### Your goal:
Retype the entries, please, from their first line to the line containing "HBselect Quilted Makeup", exactly and only those lines, minus the pictures.
++++ Provided data ++++
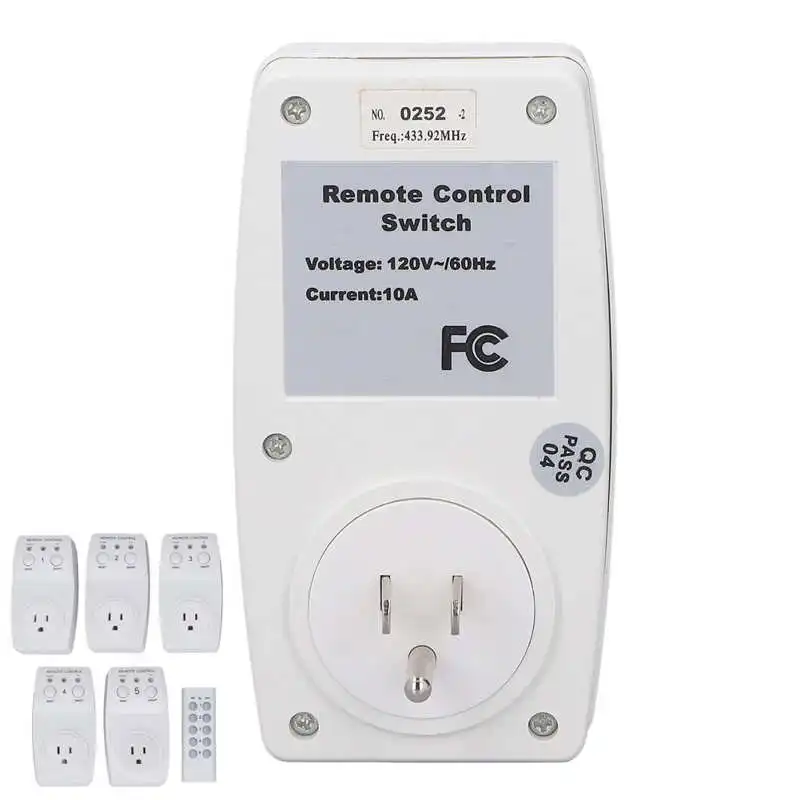 

Wireless Remote Control Electrical Outlet Switch Plug On Off Light Power Kit 1200W US Plug 120V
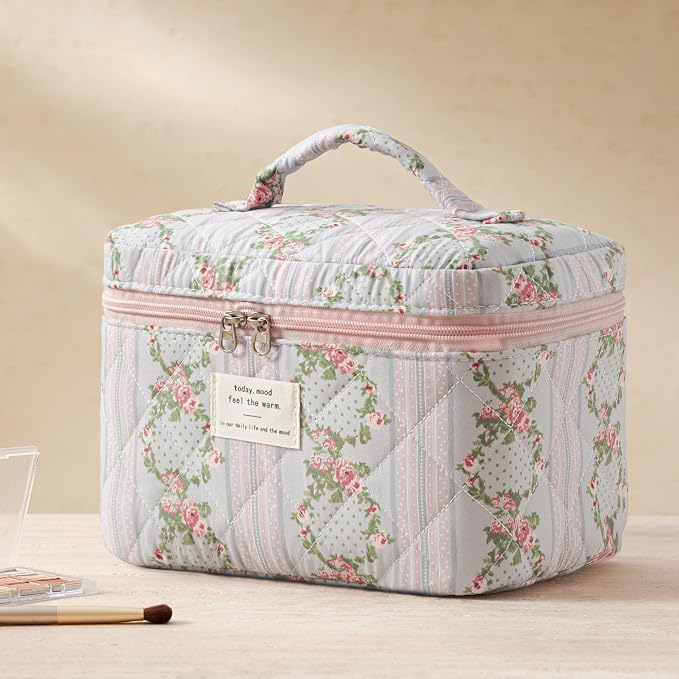 HBselect Quilted Makeup Bag, 3Pcs Cotton Large Travel Makeup Bags Organizer | Cute Floral Make up Bag Cosmetic Bag Toiletry Bag for Women Girls, Makeup Pouch for Skincare, Brushes & Travel Essentials - Image 5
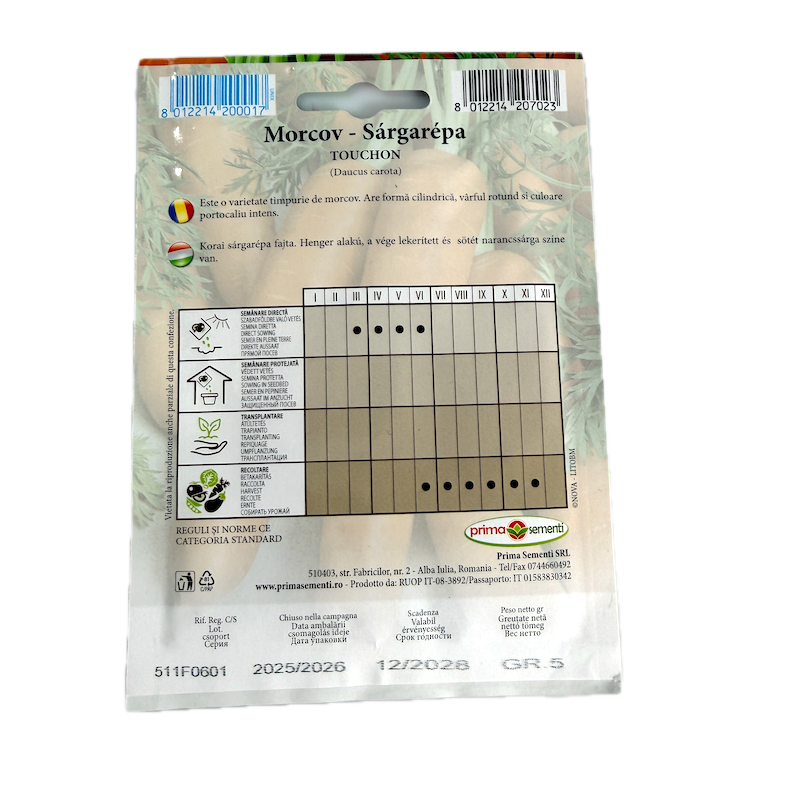 Seminte Morcov Touchon 5 Gr, Prima Sementi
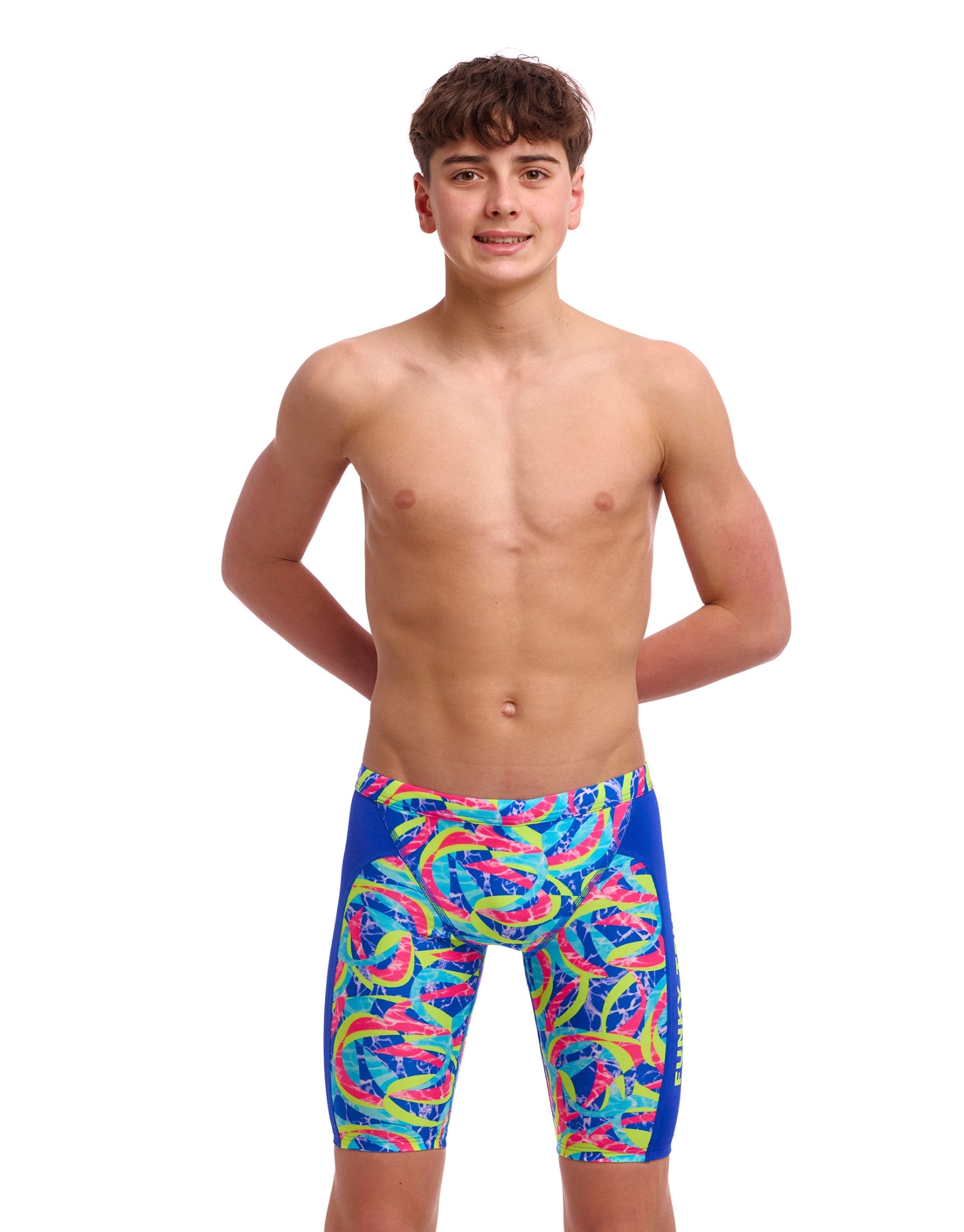 Boys Swim Training Jammer - Quick Dry Competitive Swimwear with UPF 50+ Sun Protection - Perfect for Swim Practice, Lessons & Water Sports (Blue/Multi)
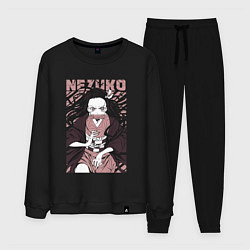 Костюм хлопковый мужской Nezuko black total cost, цвет: черный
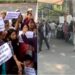 दिल्ली हाईकोर्ट के बाहर उन्नाव पीड़िता समर्थकों का प्रदर्शन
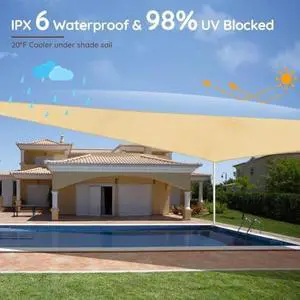 Quictent Waterproof Sun Shade Sail for Patios 185G Polyester Fabric Cloth, 98% UV Block Outdoor Awning Shelter for Commercial, Backyard, Garden, Deck, Hardware Kit Included, Sand 20x16 ft Quictent Waterproof Sun Shade Sail for Patios 185G Polyester Fabric Cloth, 98% UV Block Outdoor Awning Shelter for Commercial, Backyard, Garden, Deck, Hardware Kit Included, Sand 20x16 ft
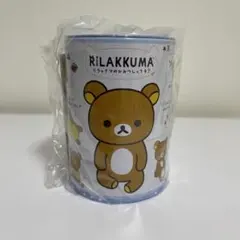 サンエックス　リラックマ 缶貯金箱 ホワイト＆水玉ライトブルー 約11cm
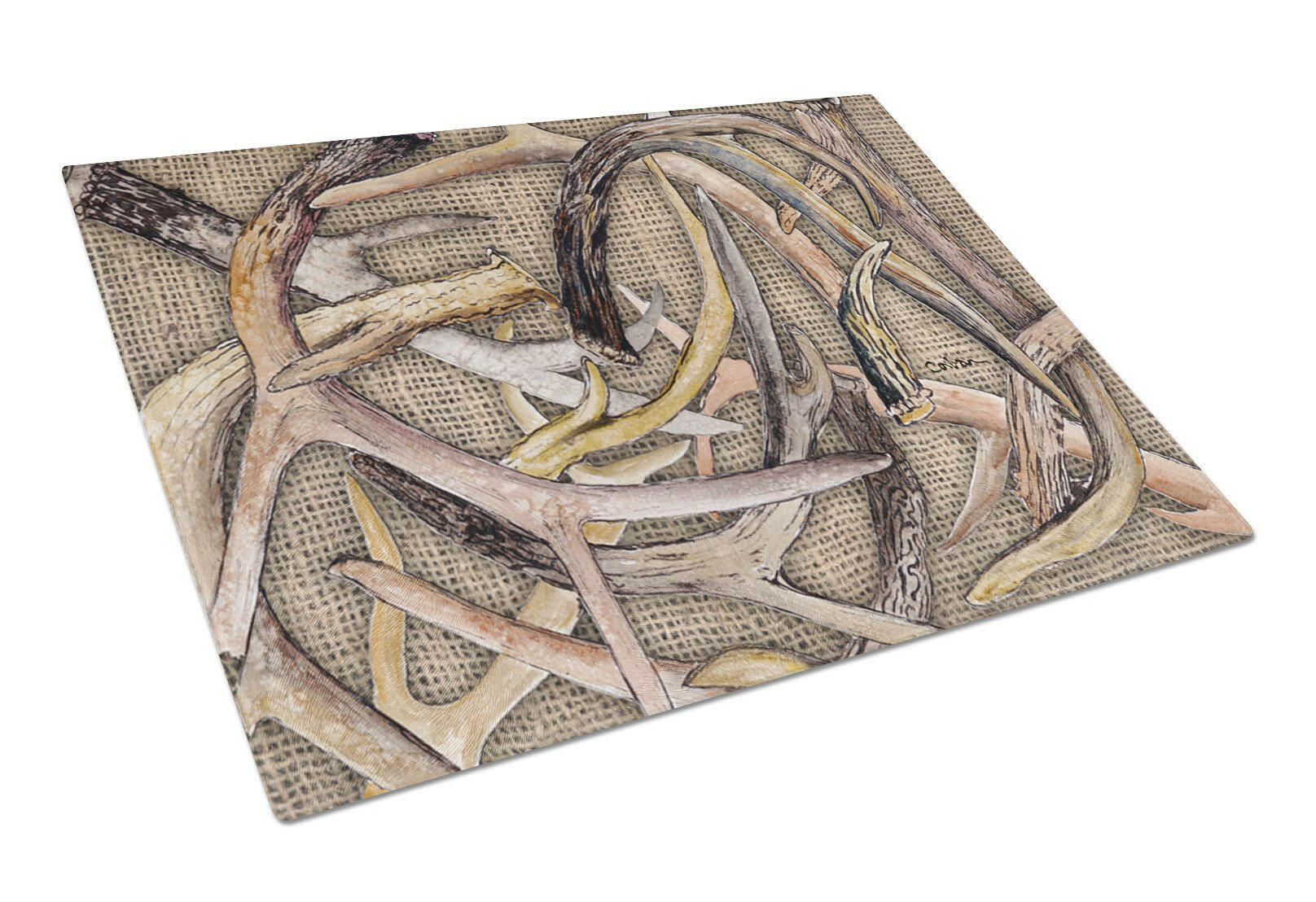 Deer Horns Cutting Board Tempered Glass Kitchen Cutting Surface, Heat Resistant Chopping, Non-Slip Feet, Food Prep & Serving
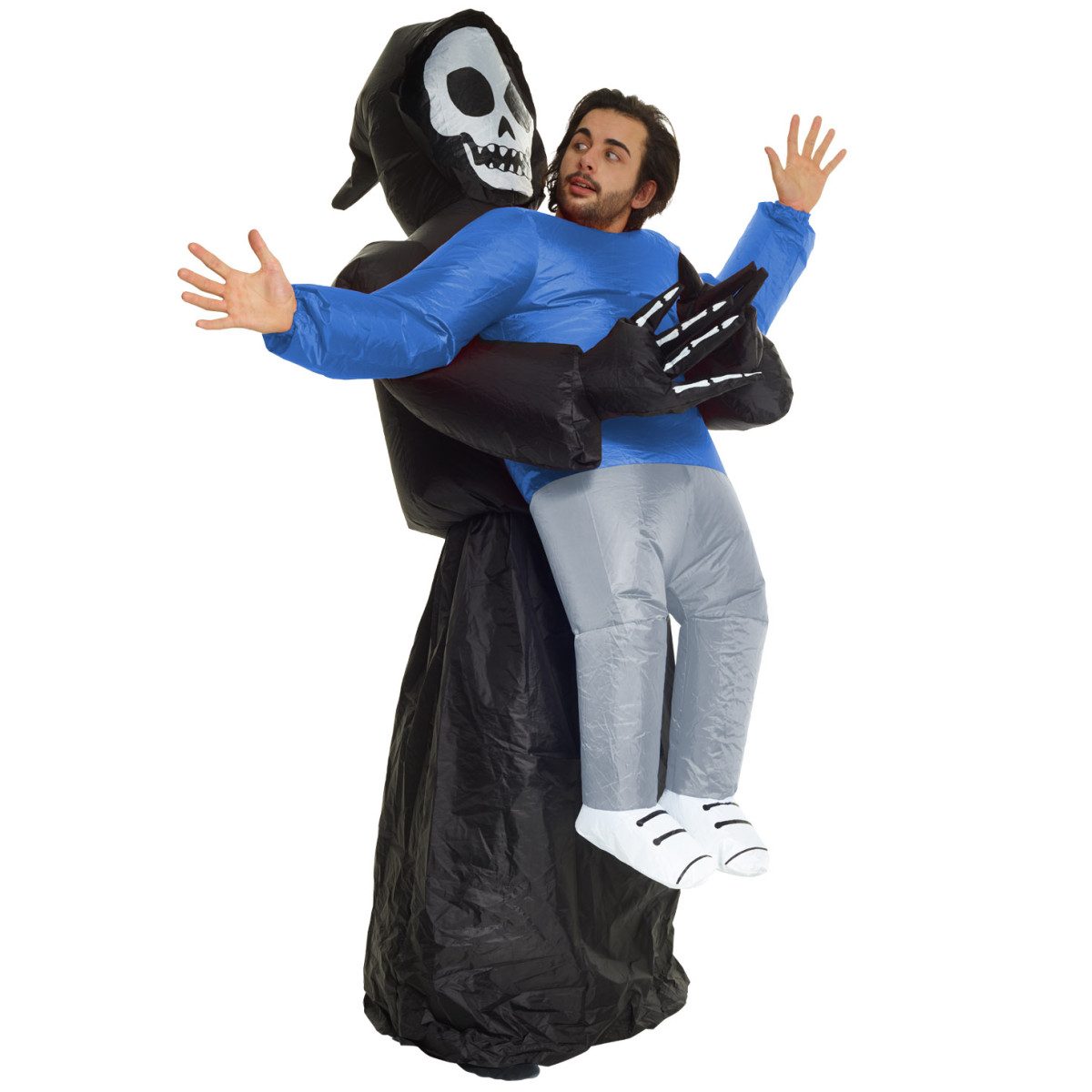 Inflatable grim reaper pick-me-up costume with skull face and skeleton-print hands carrying a fake blue-shirted body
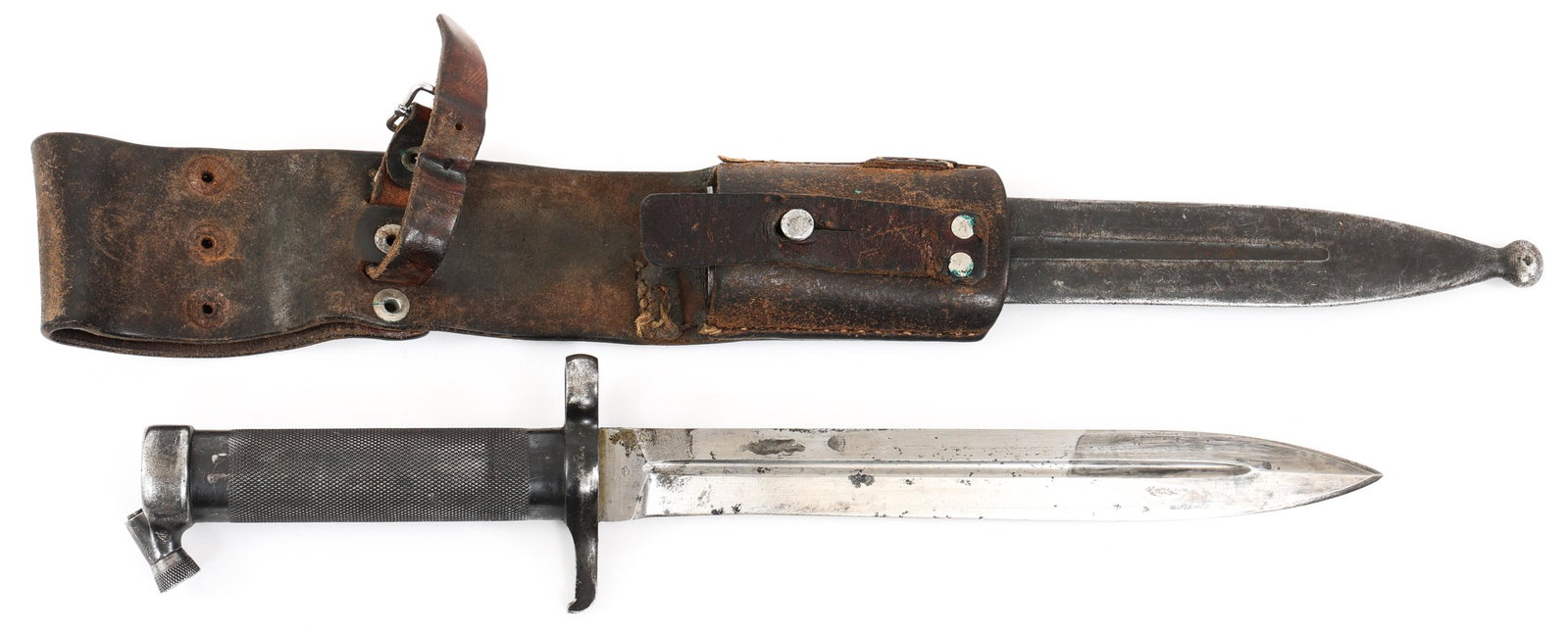 WWII SWEDISH MAUSER M1896 BAYONET: WWII SWEDISH MAUSER M1896 BAYONET Swedish Model 1896 Mauser Bayonet with steel scabbard and leather frog. Maker mark and serial number stamped on both sides of the ricasso. Other various markings and 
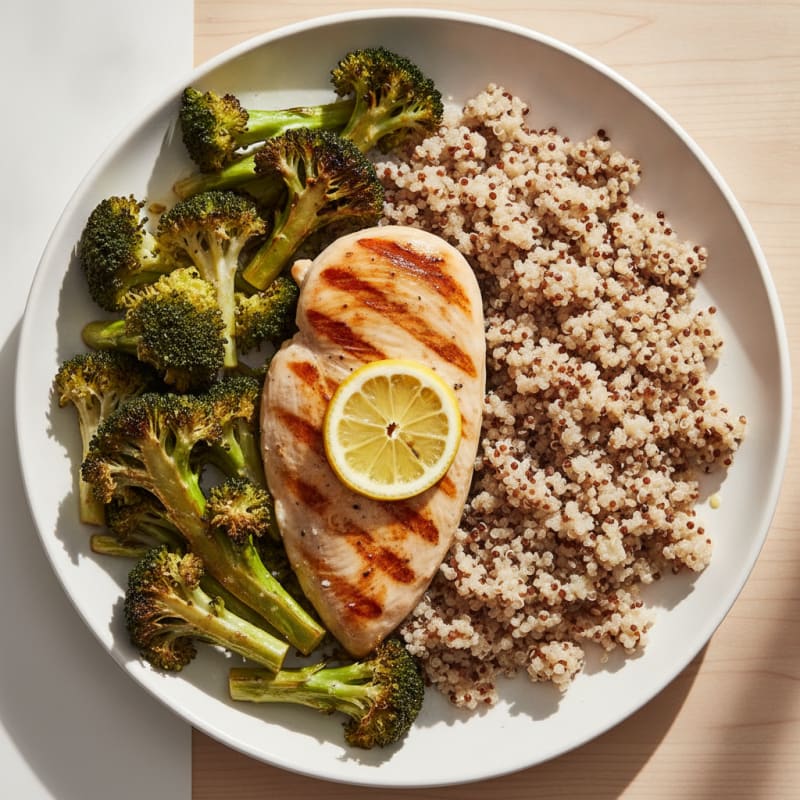 Grilled Chicken Breast with Roasted Broccoli and Quinoa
++++
### Answer section:
Wireless Remote Control Electrical Outlet Switch Plug On Off Light Power Kit 1200W US Plug 120V
 HBselect Quilted Makeup Bag, 3Pcs Cotton Large Travel Makeup Bags Organizer | Cute Floral Make up Bag Cosmetic Bag Toiletry Bag for Women Girls, Makeup Pouch for Skincare, Brushes & Travel Essentials - Image 5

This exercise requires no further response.